I woke up this morning to a text from a close friend. "We are coming into town. My son took his own life last night."
I had reached for the phone to turn off my alarm which was set early so I could do some morning writing. But I had not planned to write about this.
When I read my friend's words, a familiar taste came into the back of my throat, and I tapped into an immense sadness I had not felt for several years.
Three years ago I contemplated taking my own life. The circumstances then matter less than the thoughts I believed about why that made sense. As a result, I lost my passion for food, and with that an easy thirty five pounds. What remained was a dark web of thoughts and a ravenous appetite for death.
I found relief in watching things burn and reading Rilke's Book of Hours.

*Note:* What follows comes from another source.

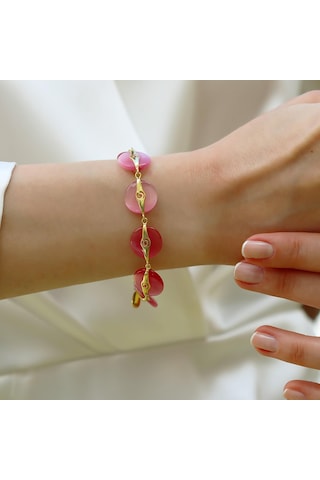 Pembe Kuvars Taşlı Gold Gümüş Bileklik Gümüş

So night after night, while Alex tucked the kids in for bed, I sat outside in front of the fire pit and wrestled with God, the words in front of me, and life.

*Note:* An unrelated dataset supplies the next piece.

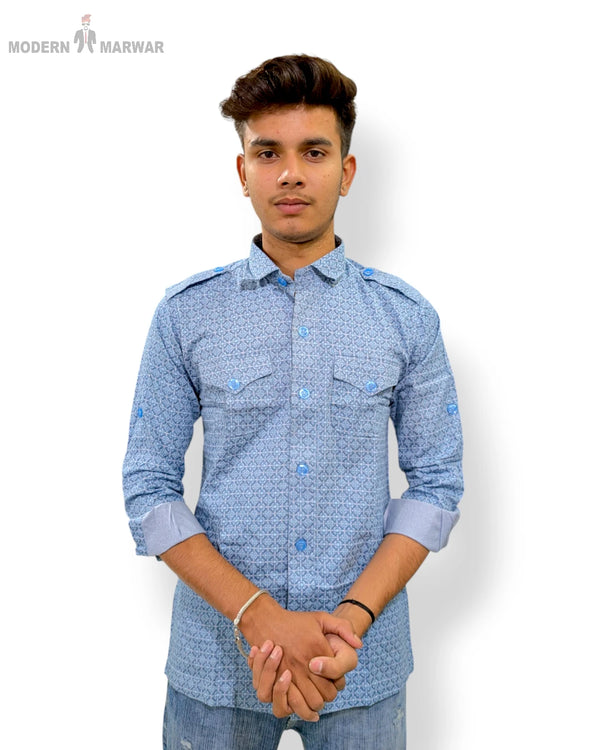 Men's blue patterned shirt by Modern Marwar featuring a stylish design and button details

But when I lean over the chasm of myself--
it seems
my God is dark
and like a web: a hundred roots
silently drinking.
This is the ferment I grow out of.
Not the encouraging words of my husband, or tight hugs from my kids could pull me away from the grasp of unrelenting pain. I watched embers glow and rise into the night air, and threw out countless prayers for deliverance up with them.
I desperately needed an answer, so I decided to write a letter from my future self. I needed to know what good, if any, would come from this. I wanted to hear from her that I would be stronger and that this would all serve a purpose greater than I could imagine.
So I dug dip and accessed my imagination. I put pen to paper and told myself that the journey might take awhile. That it would be hard and dogged, but that I would emerge transformed. As I wrote, those thoughts slowly started to take shape, and I gripped onto them as I started the long ascent out of darkness.
I know now that the past has no hold over me. I do not have to lug it around behind me and allow thoughts about it to haunt the present moment. But what I learned during that season was that the mind is a powerful tool. It can be incredibly destructive, or it can be our greatest ally.
Sometimes the possibility of relief is the only choice we can consider. But if we are able to see it, there is a light somewhere in a far corner that we can make brighter, if we only give it a second thought.